Mercifully, the song finished and I hoped my personal dance. This birthday could not be over soon enough. If I were twenty, this would be my bag. I was not twenty.
I stood up but the performance was not quite over.
The stripper slid up to me and pressed her flesh to my leather. She strained up to kiss me. I allowed it. It was not bad. It was not good either.
I had a lot on my mind but I gave her a smile. It was not her fault that I had no interest.
“Did you like my dance?”
“Sure honey, take this.” I gave her five-hundred bucks.
“You know they already paid me?” Her eyes were wide.
“You earned extra.”
“Do you want me to...?” I stopped her with my finger to her lips.
“You do not have to do anything else. Victor?” I called for our newest probie. Victor was the best bodyguard in the business. His English was sketchy but his morals were sound.
“Yes, Prez.”
“Make sure, uh, what’s your name?”
“Amber.”
“Ah, make sure Amber here has a nice night and gets home safely. Got it?”
“Yes, Prez.”
“She’s the boss the rest of tonight. Have a good time honey. Victor’s your insurance policy around here if any of my guys gets out of hand.” She didn’t really have anything to worry about with GWMC members, but still. Many ugly stories start with a stripper walking into a bar.

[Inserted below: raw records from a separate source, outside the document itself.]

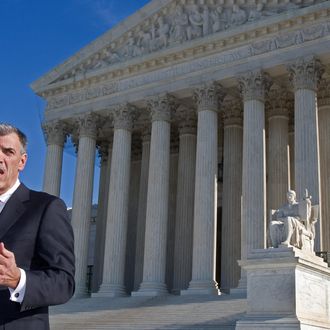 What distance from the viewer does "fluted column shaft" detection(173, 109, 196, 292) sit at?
41406 millimetres

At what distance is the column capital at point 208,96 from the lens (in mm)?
37875

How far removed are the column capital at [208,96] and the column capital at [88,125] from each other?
8622 millimetres

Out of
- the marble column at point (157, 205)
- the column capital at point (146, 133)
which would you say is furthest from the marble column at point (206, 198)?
the column capital at point (146, 133)

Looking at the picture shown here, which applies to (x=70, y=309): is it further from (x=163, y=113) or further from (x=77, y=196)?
(x=163, y=113)

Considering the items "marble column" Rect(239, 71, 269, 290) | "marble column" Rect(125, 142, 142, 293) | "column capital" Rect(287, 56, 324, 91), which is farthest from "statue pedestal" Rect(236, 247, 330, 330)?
"marble column" Rect(125, 142, 142, 293)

I walked over to the bar. Dusty, our tough as nails bartender, slid a beer my way. She probably weighed a buck-twenty if that.
“I told them it was a dumbass present.” She was the cutest little tough chick. She had to be around this place.
Dusty’s dad was the old Prez. She didn’t seem to hold it against me. He had been about war, territory, and hanging on to the old way of doing things. He had paid with a bullet in his head from a rival club, The Devil’s Hawks. That’s the story I got anyway.
It all went down before I got to town. It was one of the reasons they sent me. To stop an all-out war. To clean up, help the club go legit, just as we had done in Cali. The Green Bluff Great Wolves were the model of civic respectability. Grand City was well on its way to the same place.
Somehow, Dusty had been on my side from the beginning. Growing up in here maybe, she had seen the price of profit the old way.
“Yeah? What did you suggest for my birthday?”
“You need new leather.” She pointed to the fraying cuff on my Great Wolves jacket.
“I like the lived-in look.” She laughed. She was a damn good bartender. She also held her own in this place, which was not easy.
Every biker in the club had hit on her at one point or another. Her dad had kept them away, now I took on the job. I had seen her throw a punch. She knew what she was doing. She also kept a tight lock on bar tabs and the staff.
She kept the bar running lean and tight.
“Watch the bar a second? I need to grab two bottles from the store room.”
“No problem kid.”
I looked around. It had been a wild year for me as Grand City’s Prez. Between the Great Wolves MMA Gym and
The Wolf Den,
I hadn’t slept much.
Or gotten to ride much.
Bikers are supposed to have a life on the road? Anarchy and shit right? Except when you are at the head of the table.
These men, their old ladies, our businesses, it was all on my shoulders.
Larry was taking a keen interest in Amber, so was Ryder.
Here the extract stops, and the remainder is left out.